When I get there he tells me that the O2 sensors would cost about $100.00 a piece and that it would cost about $150.00 for him to put them in, he quoted me 600.00. That’s when I pulled out my Ebay print out of the O2 Sensors, and showed him the price of 16.00, he turned red, then I showed him the pictures of the $26.00 stabilizer bar he put in, he turned redder….. He tried to charge me $400.00 for a $64.00 part.………..I know you get what you pay for, yea right, I’m not trying to keep this car forever…

Caveat emptor

He got me for about 100.00 bucks, he won’t get me again!!!!!

( Stable.jpg… (KO1111.jpg

Stable.jpg


KO1111.jpg
 
Yes, and without at least seeing the box your part came in you have absolutely no idea what part you have installed. It may be cheap, it may be a higher quality part.

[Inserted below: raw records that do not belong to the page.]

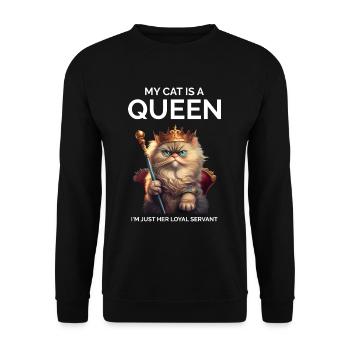Pelz Eltern Kätzchen Katze Papa Katze Mama - Unisex Pullover - Schwarz - Vorne - Alina (178cm) & Michal (187cm)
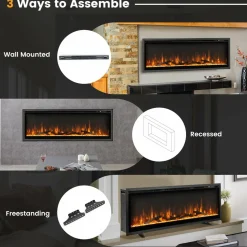 Tangkula 50 Inches Electric Fireplace Inserts, Recessed, Wall Mounted and Freestanding 1500W Slim Fireplace Heater with Remote Control
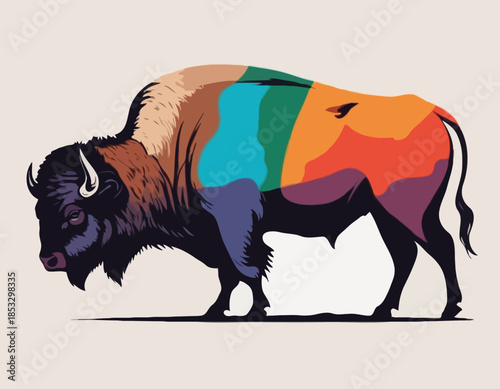buffalo, bison, bull, cow in illustration in brush stroke painting
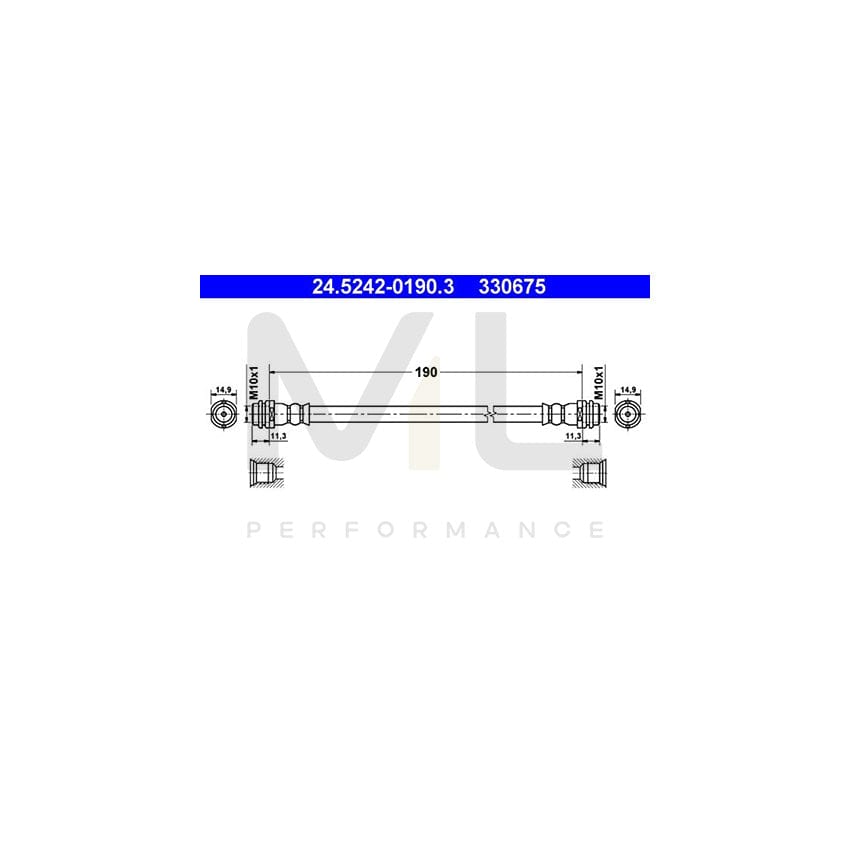 ATE 24.5242-0190.3 Brake Hose for AUDI A2 (8Z0) 190mm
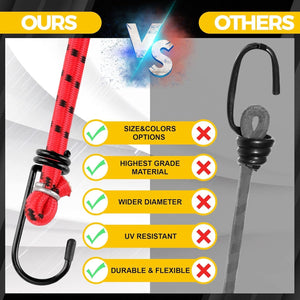 Heavy Duty Bungee Cords 12 Pack Shock Cord Ties Tent/Tarp Fixings Heavy Duty Outdoor Bungie Straps to Packing for Camping, Tent, Storing Packages, Fastening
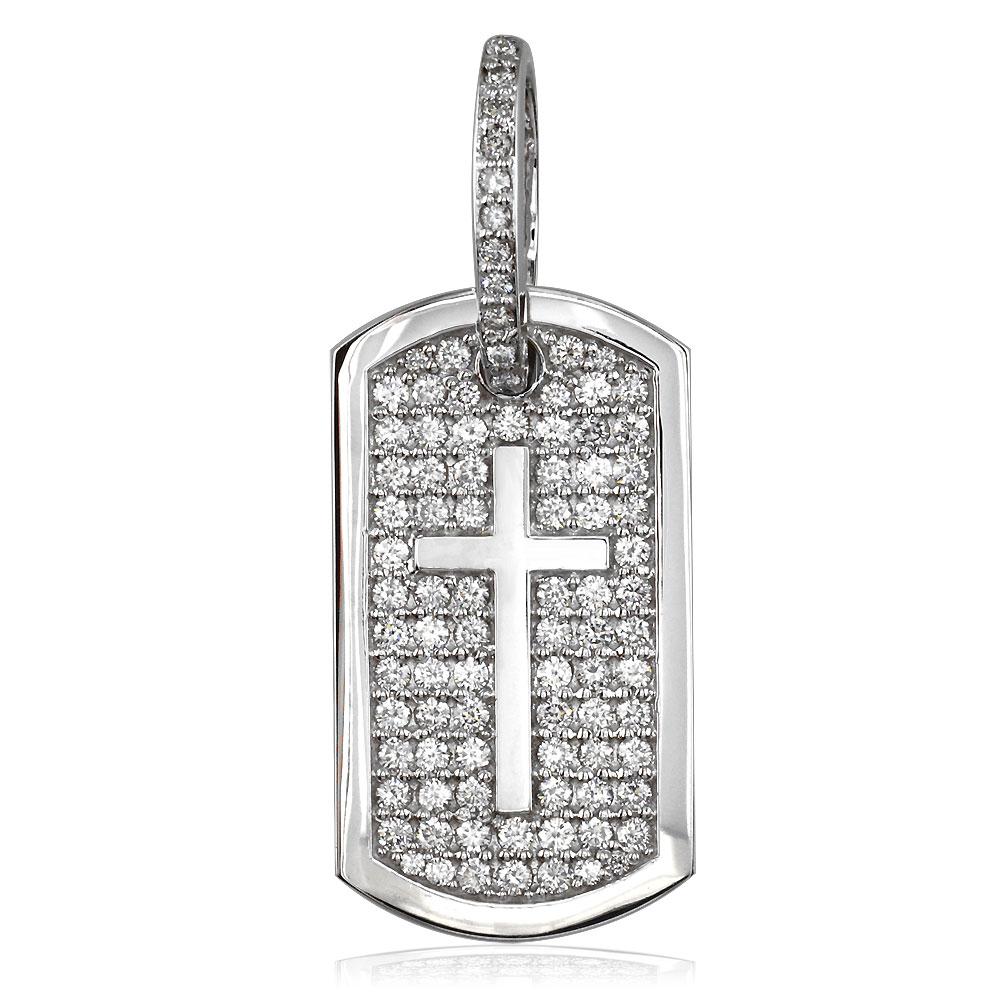 Cross Dog Tag Pendant with Cubic Zirconias in Sterling Silver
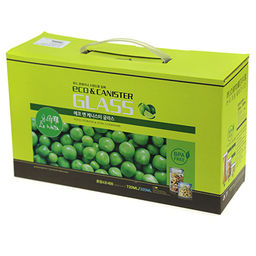 Банка для сыпучих продуктов стеклянная набор 4 штуки: 0,32л д8,5х7,3см - 2 штуки, 0,72л д8,5х15,3см - 2 штуки, пластмассовая крышка, подарочная коробка (Китай) (д/горла 7,2см д/основания 8,5см) - Домашняя мода фото 2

Over the years from some very odd experiences I've found that all non OEM O2 sensors do not read as accurately as the OEM stuff. To me a $16 O2 sensor is junk and not worth the time to install it. Good luck...
 
I know people LOVE to think they're getting fleeced, but in this case I have to point out that you have NO idea if you're comparing apples to oranges.

Assuming these are the upstream o2 Sensors, they retail from Ford for $74.85 each, plus tax. Sure, $100 is a little high, but not out of the ballpark for an unofficial quote from an independent shop (in the industry most o2 Sensors are well north of $100). The labor cost is also right on the money if you include the time spent running codes to diagnose the vehicle.

As far as the sway bar, what was the exact part you needed? You say he said you needed a "stabilizer bar" (which would indicate bad bushings, which only come with bar from Ford), but then you show sway bar LINKS.

If you need the bar, it's $164.52 new from Ford, which only leaves $121.48 for labor, which if you ever replaced a front sway bar is a ****ing steal (AllData says 2.3 hours to do it).

TL;DR: If you want to complain about paying someone a living wage to repair your vehicle then you should STFU and learn how to fix your own damn car.
 
So LsinYourLS (If you want to complain about paying someone a living wage to repair your vehicle then you should STFU and learn how to fix your own damn car. )

I should shut the **** up..... Wow so nasty.... Well **** you......

You read way to much into it. I know that the are Stabilizer links and not a bar... I'm not trying to deny him a living.... Again.. Very nasty....
 
He might have also been turning red because you were the 5th person to come in with "internet pricing" on an unknown quality part that day and walked out.

I don't know the whole situation, I'm not taking sides on it either.

Do you have the actual quote you can upload so we could look over it/ assess it?
 
IIRC Ford charges you for the whole bar when the bushings go out.... (very common to cause a clunk) ... Ebay is a bad source for pricing. IF you were concerned with the prices charged, you should have reviewed each part ($ and manufacture). THEN discussed if it was a link or the bar that was the problem, and adjusted prices (with quality parts and not ebay specials)...IMO.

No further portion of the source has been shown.